With the rapid growth of digital platforms, there is increasing apprehension about how personal data is collected, stored, and used by various entities. These concerns arise from the increasing frequency of data breaches, cyber-attacks, and misuse of personal information for targeted advertising and surveillance. To address these matters, Differential Privacy (DP) has emerged as a prominent tool for quantifying a digital system's level of protection. The Gaussian mechanism is commonly used because the Gaussian density is closed under convolution, and is a common method utilized when aggregating datasets. However, the Gaussian mechanism only satisfies an approximate form of Differential Privacy. In this work, we present and analyze of the Symmetric alpha-Stable (SaS) mechanism. We prove that the mechanism achieves pure differential privacy while remaining closed under convolution. Additionally, we study the nuanced relationship between the level of privacy achieved and the parameters of the density. Lastly, we compare the expected error introduced to dataset queries by the Gaussian and SaS mechanisms. From our analysis, we believe the SaS Mechanism is an appealing choice for privacy-focused applications.

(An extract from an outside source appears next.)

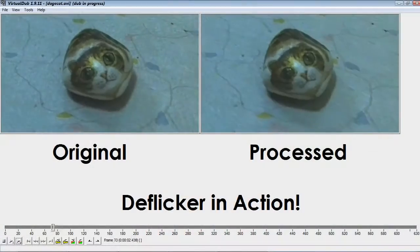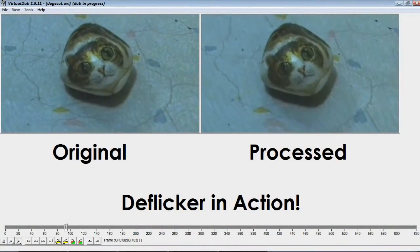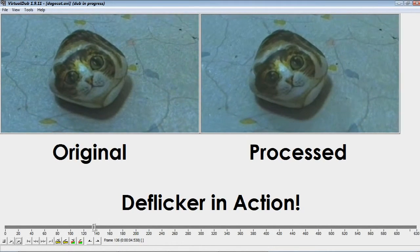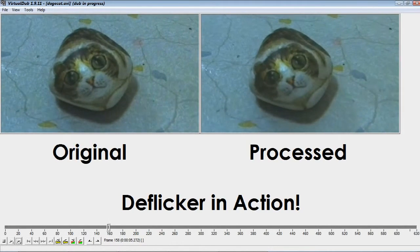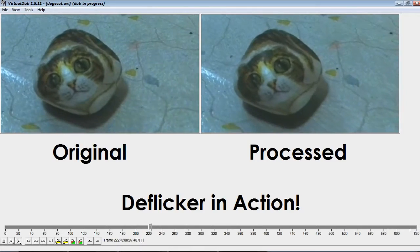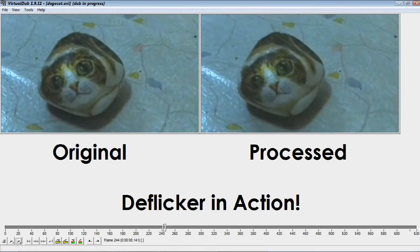And if as a last resort you are left with a piece of footage that is ruined by flicker, there are still some things you can do in post processing. For example, there's actually a virtual dub plugin called DeFlickr, which will actually try to remove flicker by blending in neighboring frames.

翻译：随着数字平台的快速发展，人们对各类实体如何收集、存储和使用个人数据的担忧日益加剧。这些担忧源于数据泄露、网络攻击以及将个人信息用于定向广告和监控等滥用行为的日益频繁。为解决这些问题，差分隐私已成为量化数字系统保护水平的重要工具。高斯机制因其密度函数在卷积下具有封闭性而被广泛使用，是在聚合数据集时的常用方法。然而，高斯机制仅满足近似形式的差分隐私。本文提出并分析了对称α稳定机制。我们证明该机制在保持卷积封闭性的同时实现了纯差分隐私。此外，我们深入研究了所实现的隐私水平与密度参数之间的微妙关系。最后，我们比较了高斯机制与对称α稳定机制对数据集查询引入的期望误差。通过分析，我们认为对称α稳定机制是注重隐私保护应用的一个有吸引力的选择。